Abstract

The essential task of reservoir characterization is to predict elastic/petrophysical parameters or facies from observed seismic data and evaluate their uncertainty. Deep learning-based methods gain great popularity because of their powerful ability to obtain exact solutions for geophysical inverse problems. However, those deep learning methods that use seismic data as the only input lead to difficult training and unstable inversion results (i.e., transverse discontinuity or geologic unreliability). In such circumstances, it is beneficial if prior knowledge of the model domain can be incorporated into the deep learning framework. Therefore, we have developed prior-based loss functions in the learning step of the deep learning models to ensure that the predictions find low errors on the training sets and that their results are consistent with the known prior.
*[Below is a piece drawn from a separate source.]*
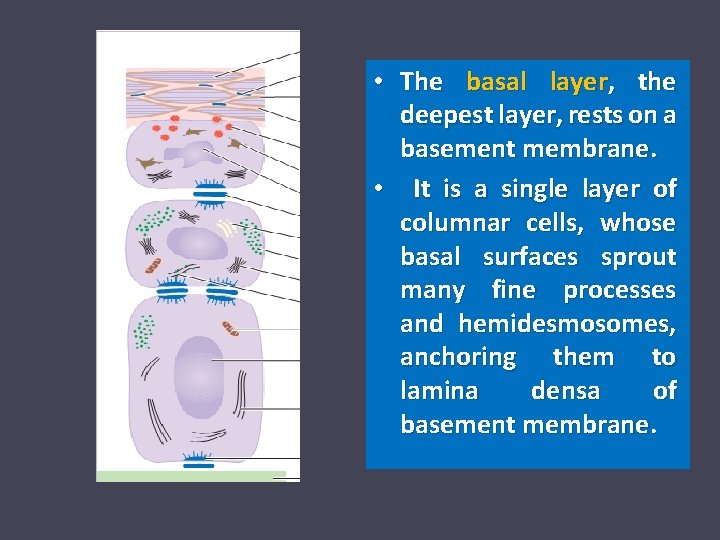  • The basal layer, the deepest layer, rests on a basement membrane. •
In addition, the Monte Carlo dropout (MC-dropout) technique is introduced for the quantitative assessment of the uncertainty of the prediction results. We determine the effectiveness of our framework in the application of prestack seismic inversion, in which the initial model built from well-log interpolation is used to design the prior-based loss function. We first perform extensive experiments on the synthetic data and find that our method can yield more stable and reliable results compared with traditional methods. Combined with the transfer learning strategy, the application to real data further demonstrates that our deep learning framework obtains more reasonable inversion results with more horizontal continuity and greater geologic reliability than traditional approaches.